#### Task instructions
Extract every entry word for word. Skip the pictures.

#### Data
____________________

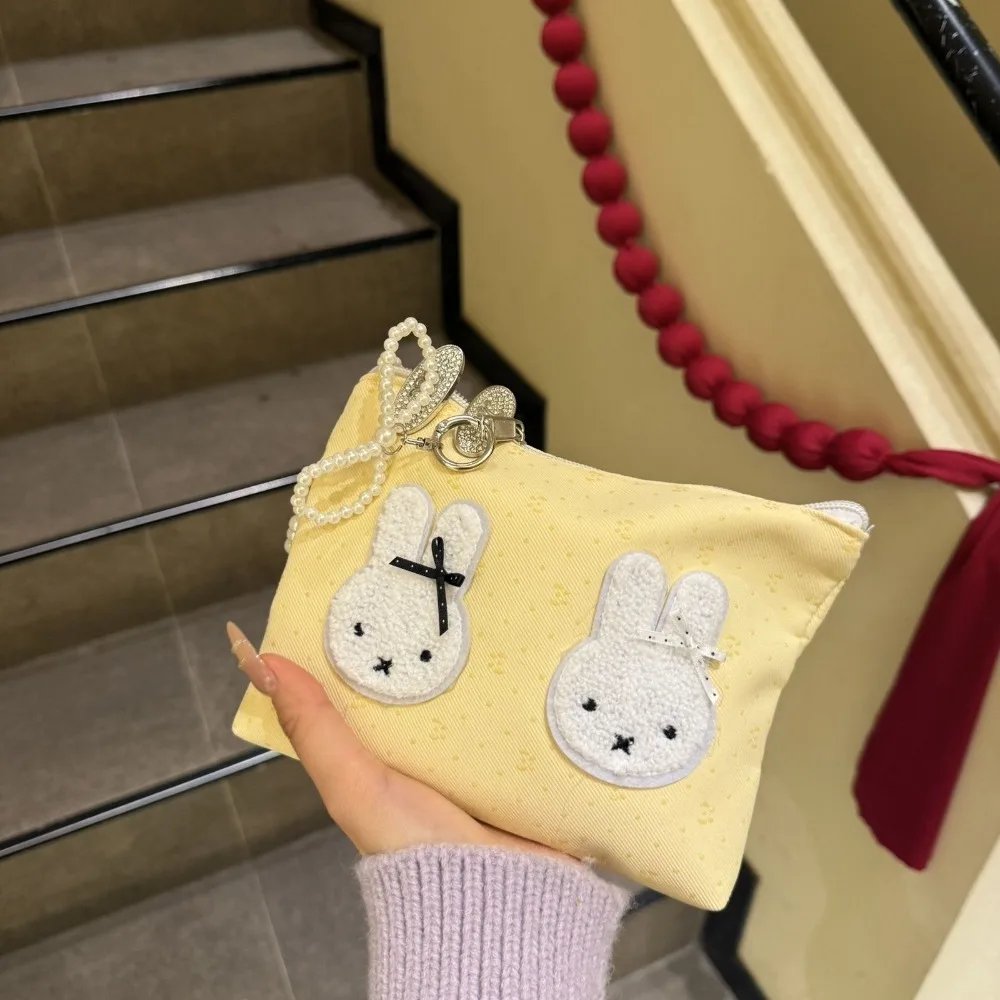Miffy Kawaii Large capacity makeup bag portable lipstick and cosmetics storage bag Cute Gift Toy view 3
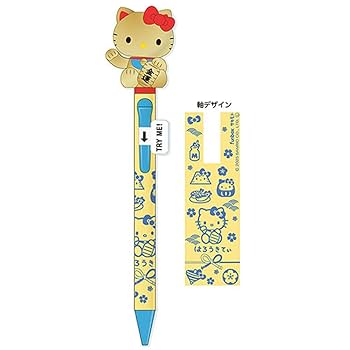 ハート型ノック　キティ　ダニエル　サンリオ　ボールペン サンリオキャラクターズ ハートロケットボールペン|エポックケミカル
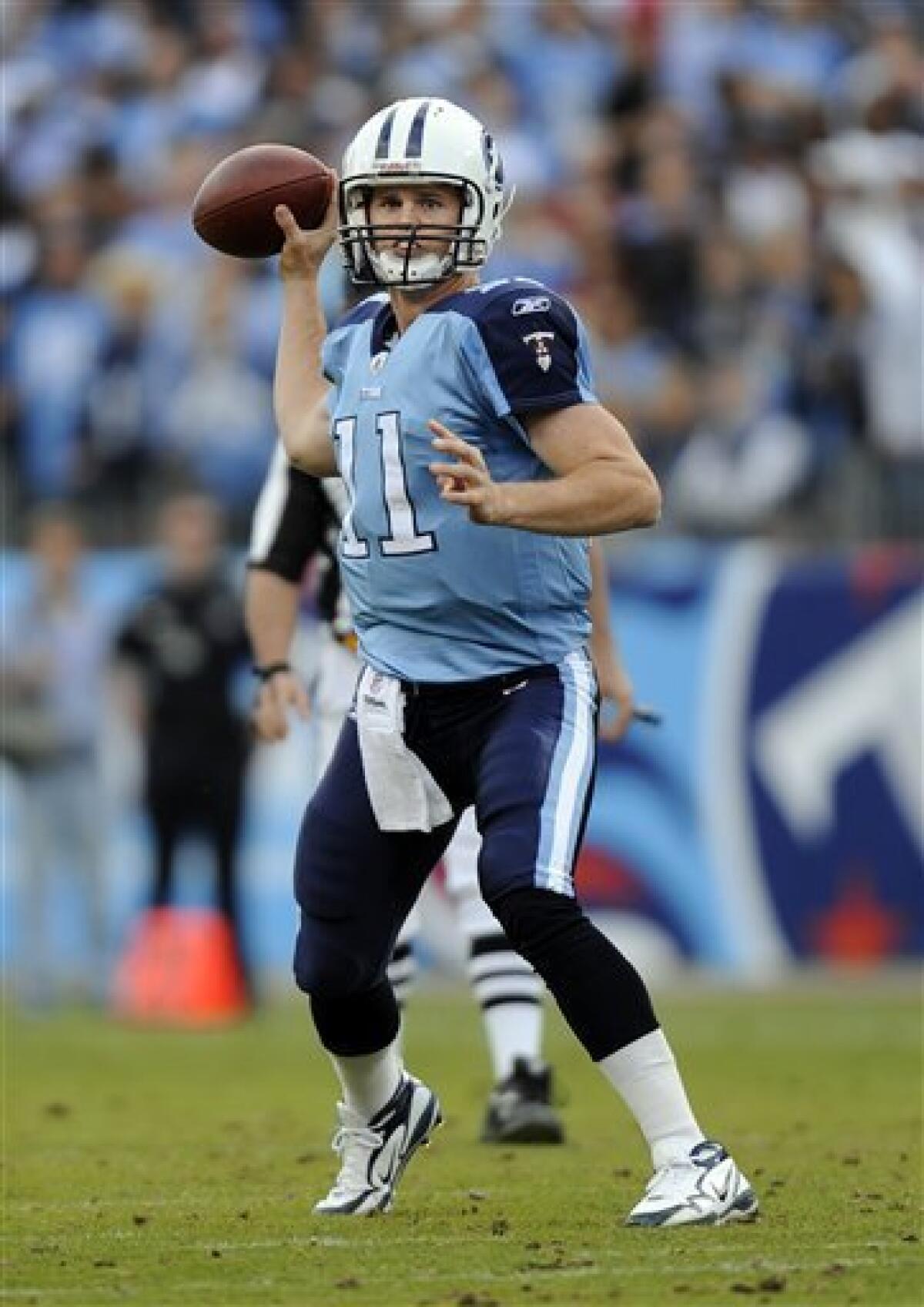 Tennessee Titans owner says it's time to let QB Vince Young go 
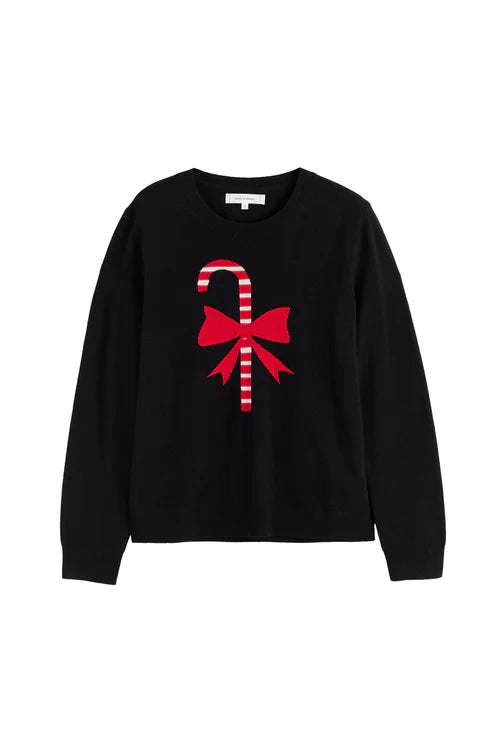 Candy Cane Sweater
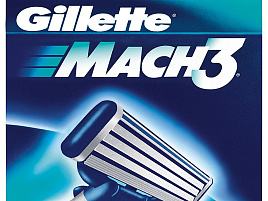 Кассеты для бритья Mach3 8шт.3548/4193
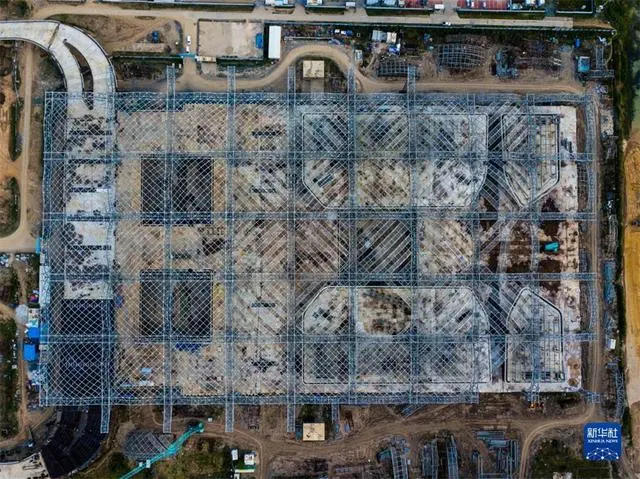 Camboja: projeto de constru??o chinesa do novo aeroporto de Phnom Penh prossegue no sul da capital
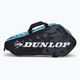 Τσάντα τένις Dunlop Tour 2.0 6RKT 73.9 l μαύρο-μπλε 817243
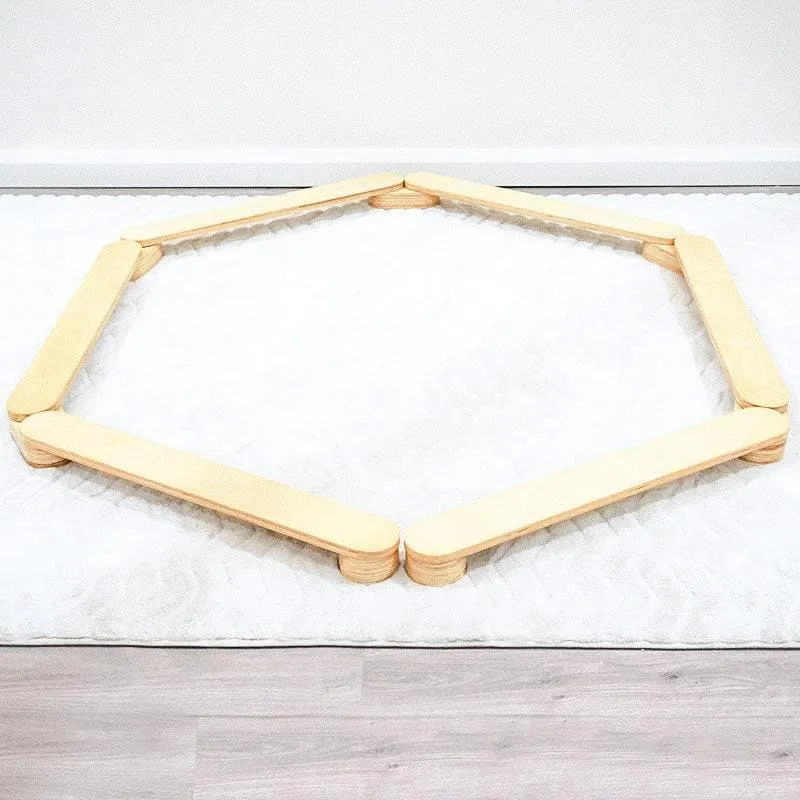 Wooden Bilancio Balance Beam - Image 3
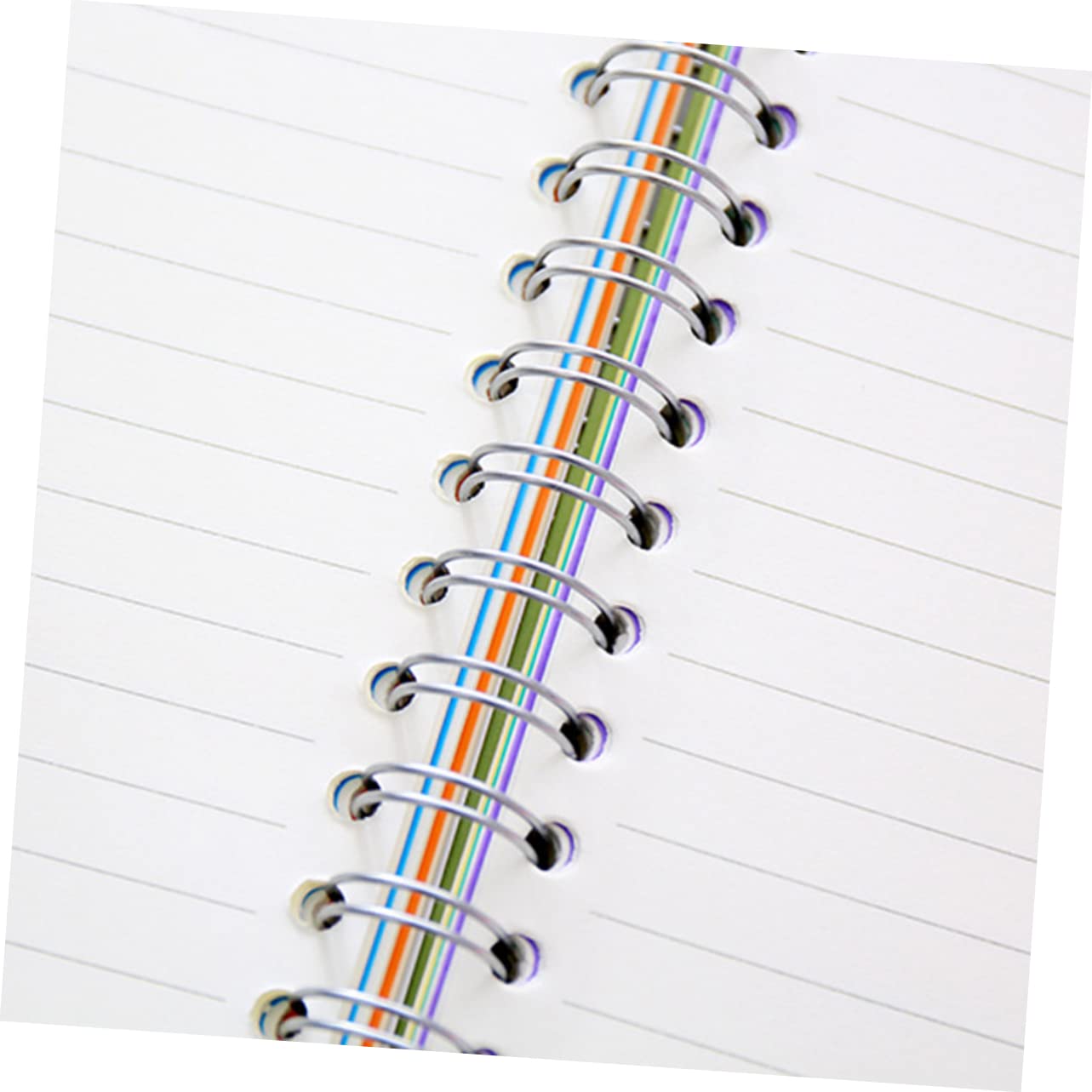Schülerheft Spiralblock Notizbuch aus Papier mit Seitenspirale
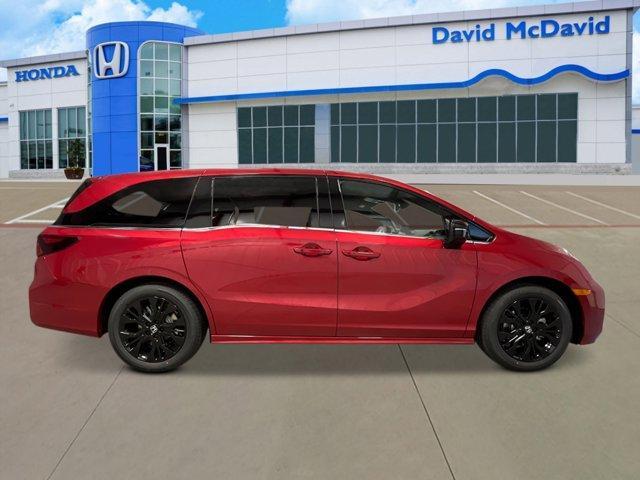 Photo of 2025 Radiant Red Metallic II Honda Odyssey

____________________

#### Reply
Miffy Kawaii Large capacity makeup bag portable lipstick and cosmetics storage bag Cute Gift Toy view 3
 ハート型ノック　キティ　ダニエル　サンリオ　ボールペン サンリオキャラクターズ ハートロケットボールペン|エポックケミカル
 Tennessee Titans owner says it's time to let QB Vince Young go 
 Candy Cane Sweater
 Кассеты для бритья Mach3 8шт.3548/4193
 Camboja: projeto de constru??o chinesa do novo aeroporto de Phnom Penh prossegue no sul da capital
 Τσάντα τένις Dunlop Tour 2.0 6RKT 73.9 l μαύρο-μπλε 817243
 Wooden Bilancio Balance Beam - Image 3
Schülerheft Spiralblock Notizbuch aus Papier mit Seitenspirale
 Photo of 2025 Radiant Red Metallic II Honda Odyssey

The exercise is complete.